In this action to recover for certain heating equipment the complaint contained one cause of action upon an express contract and one cause of action for the reasonable value. At the trial the plaintiff was required to elect upon which of these two causes of action it would proceed. The plaintiff elected to proceed upon an express contract and the court, finding that no express contract had been made, granted judgment in favor of the defendant.

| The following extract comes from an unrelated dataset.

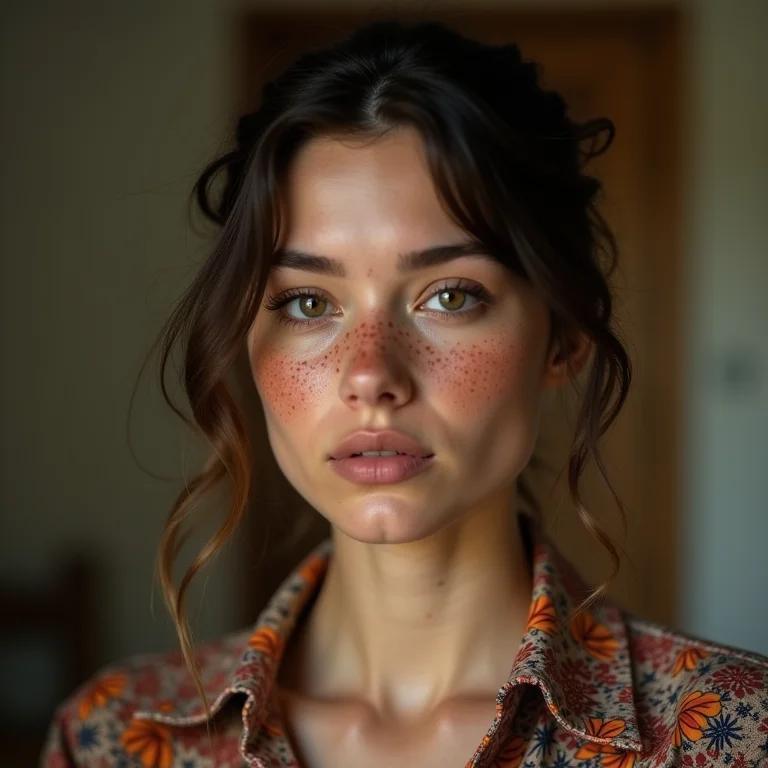 Mulher usando muitas estampas conflitantes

The plaintiff should not have been required to make this election, which resulted in the dismissal of its complaint, because the particular theory elected was found not to be sustained. A plaintiff in these circumstances may not only plead his cause of action upon both theories (Rubin v. Cohen, 129 App. Div. 395), but at the trial he may also offer proof in support of both theories and submit both for determination to the court or jury, as the case may be. It was directly so held in Byrne v. Gillies Co. (144 App. Div. 677), a decision which seems consistent with a just and expedient result, for it permits the determination of the entire controversy within *770the compass of a single suit. It thus enables judgment to be rendered upon the express contract, if such a contract is found to have been made, and, if not so found, it enables judgment to be rendered for the reasonable value of any services or materials supplied at the defendant’s request. (See Sturtevant v. Fiss, Doerr & Carroll Horse Co., 173 App. Div. 113; cited and approved, McKeon v. Van Slyck, 223 N. Y. 392, 399.)
Judgment reversed and new trial ordered, with costs to appellant to abide the event.
All concur; present, Lydon, Frankenthaler and Untermyer, JJ.